Reconstructing Finno-Ugric "seven" comes up with slightly different answers from different descendant languages: <*śäjćem>, <*śićem>, or <*śäćem>. It's a strong possibility that the word was borrowed on several different occassions in slightly different forms.

Note 3

People often conflate the off-by-two phenomenon in Roman month names (september is 9th, october is 10th, etc.) with the fact that July and August are named after the emperors Julius and Augustus Caesar, and attribute the off by two to inserting those two months. In fact, those months were renamed, not added, and used to be called <Quintilis> and <Sextilis>.

The two inserted months that caused the mismatch between names and numbering were actually January and February at the beginning of the year; the approx. two month period of winter was originally not part of any month, and the year began at the beginning of spring, with March.

Compare comman Roman masculine names which include Quintus, Sextus, Septimus, Octavius, Nonus, and Decimus (but not names based on 1-4). Likewise, the months were originally named for 1-4 (March, April, May, June) and numbered for 5-10.

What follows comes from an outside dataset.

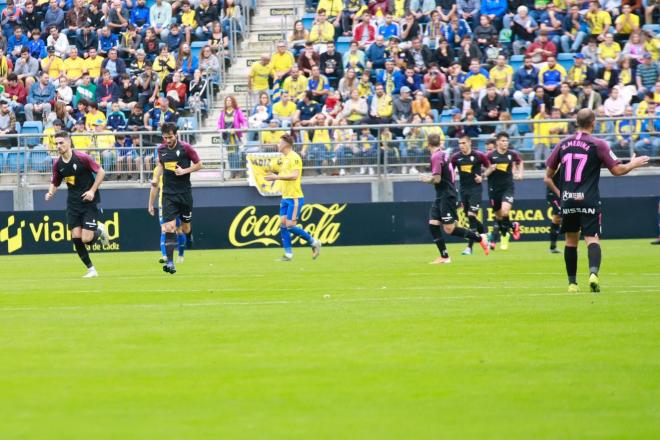 El Sporting regresa a su campo tras el gol de Borja López (Foto: Cristo García).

It may seems strange to see the word for "seven" borrowed around between so many different language families, when the numbers 1-10 are so highly conserved in descendants of Proto-Indo-European. But 10-based number systems seem to not go back as far as you would think. There is evidence that PIE had only recent transitioned from a 5-based to a 10-based number system around the reconstruction period. Circumstantial, but compelling en masse.

  1. There are some unexpected irregularities in descendants of <*septm>, most notably, the lack of the expected /t/ in Germanic <*sebun>.
  2. PIE <*septḿ̥>: "seven" resembles Semitic <*s-b-'tu>: "seven".
  3. Finno-Ugric has definitively borrowed the word for "seven" from Indo-European languages, probably on multiple occassions. In fact, the numbers 1-6 and 10 are highly conserved throughout Finno-Ugric, but 7 is a clear borrowing from IE and 8 and 9 are highly variable.

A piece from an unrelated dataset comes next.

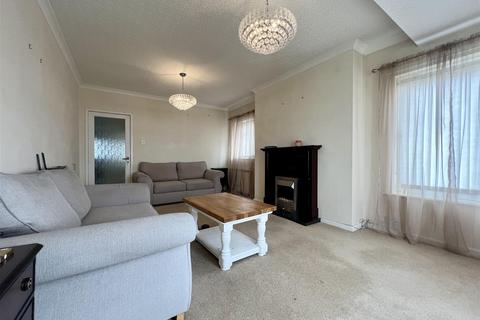 2 bedroom property to rent, Marina, Bexhill-On-Sea TN40
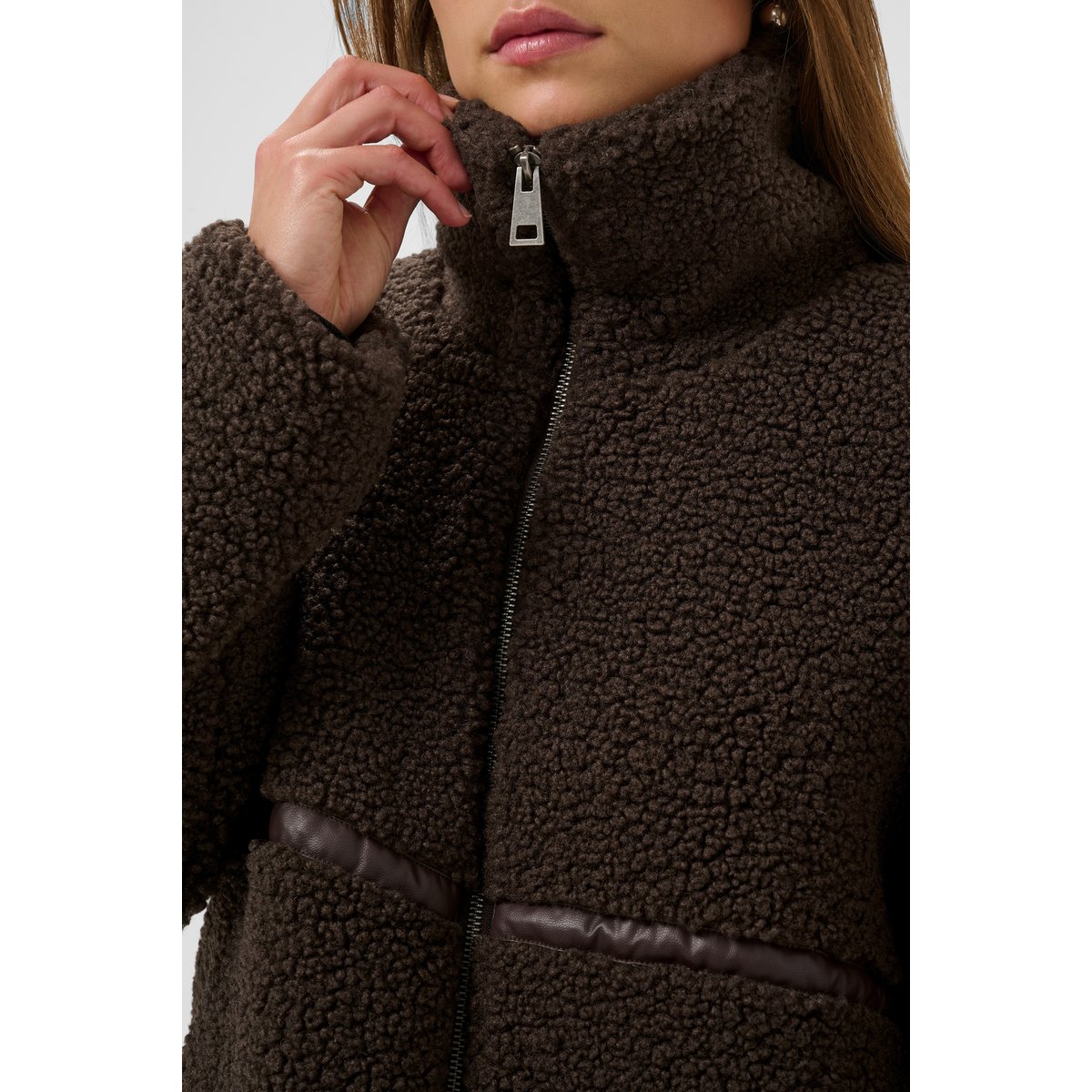 Manteau marron coffee bean, CULTURE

    Additionally, the common word for 6 is plausibly derived from "one-and-five" (<*ük(t)e> (one) + <*witte> (five) -> <*kutte> (six), and the word for 10 which is common throughout Finno-Ugric, is used for 5 instead in Samoyedic.

    All together, this suggests a 5-based system in Late Proto-Uralic/Early Proto-Finno-Ugric, and establishes a precedent for PIE transitioning from base 5 to base 10 shortly before the reconstruction period.

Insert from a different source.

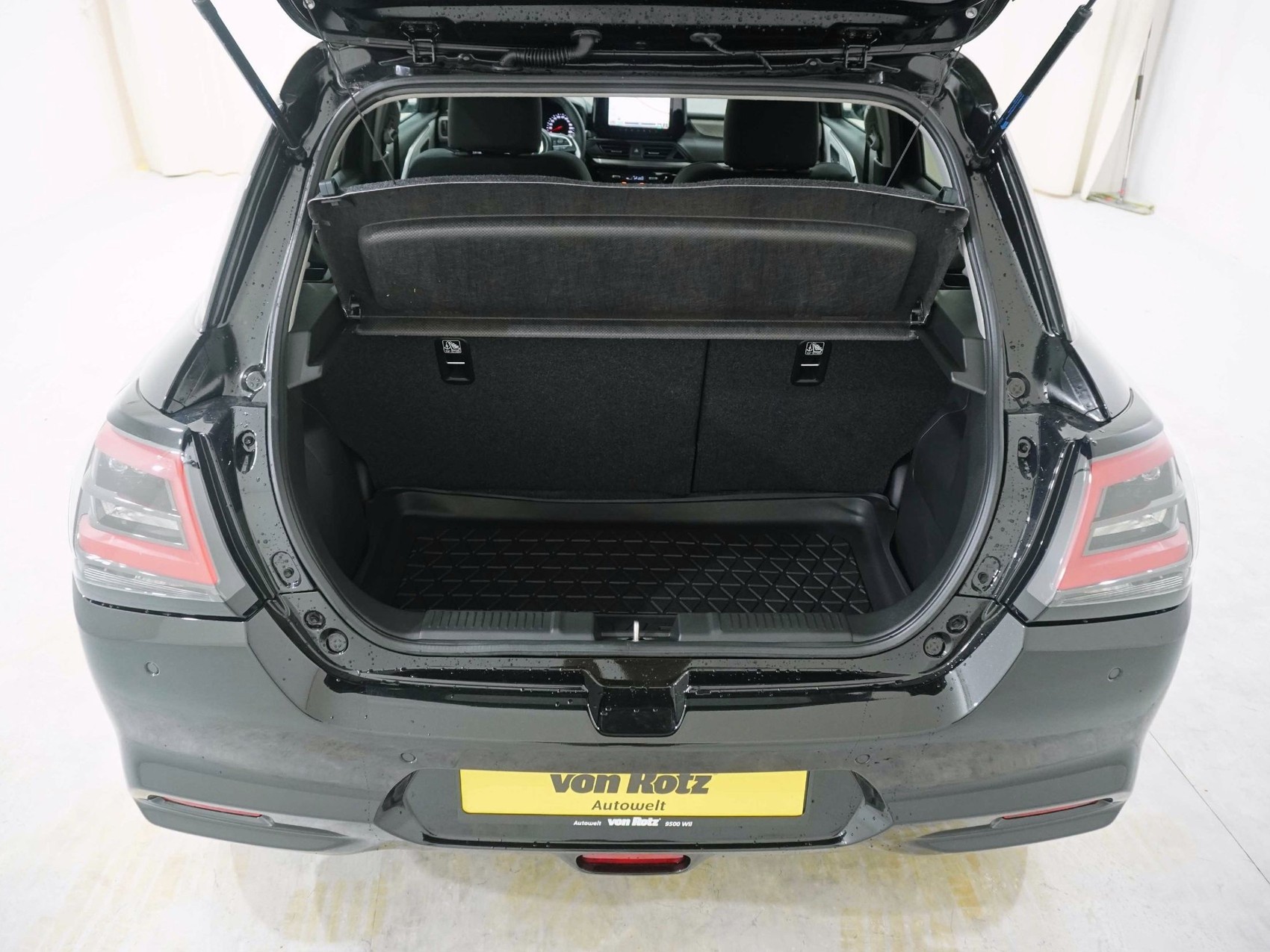 SUZUKI Swift 1.2 Tradizio Top Hybrid 4x4-image-18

  4. PIE <*swéḱs>: "six" is also possibly borrowed from Semitic, compare PIE <*swéḱs> with Semitic words for "six", like Arabic <سِتَّة‎‎> (sitta), Aramaic <שתא‎‎> (štā’), Hebrew <שישה> (shishá).
  5. PIE <*oḱtṓw>: "eight" apparently derives from a dual of an old word for "four".

    PIE <*(H)óynos>: "one" has the form of a singular. PIE <*dwóh₁>: "two" has the form of a dual. PIE <*tréyes>: "three" and <*kʷetwóres>: "four" are clear plural forms, and possibly <*pénkʷe>: "five", also. <*(s)wéḱs>, <*septḿ̥>, <*(h₁)néwn̥>, and <*déḱm̥t> don't decline like normal nouns or like the numbers 1-4 (maybe 5), do. But <*oḱtṓw> is another dual.

    The singular that this dual corresponds to is also a valid reconstruction from Avestan <𐬀𐬱𐬙𐬌‎> (ašti): "width of four fingers", and seems to have been borrowed by Kartvelian langauges, e.g. Georgian <ოთხი> (otkhi): "four".

  6. PIE <*h₁néwn̥>: "nine", looks a little bit like it literally means "lacking one". Not compelling on its own, but more so when combined with the evidence that 6-8 are relatively new plus similar constructions in other languages: cf. Finnish <yhdeksän>: "nine", but literally "one less", Bantu <isishiyagalolunye>: "nine", lit. "leave behind one", and Cree <kêkâ-mitâtaht>: "nine", lit. "almost ten".
  7. Extensions of 5-based systems into 10-based systems can also be seen in the numbers systems of Sumerian, Mayan, Cree, Inuit, Bantu, and Proto-Austronesian number words. Based on comparing Samoyedic to the rst of Uralic, Early Proto-Uralic looks like it had transitioned from 3-based to 5-based, shortly before it started moving to 10-based. Ngaanyatjarra in Australia still has a 3-based number system. "five" is <kutjarra-marnkurra>: "two-three".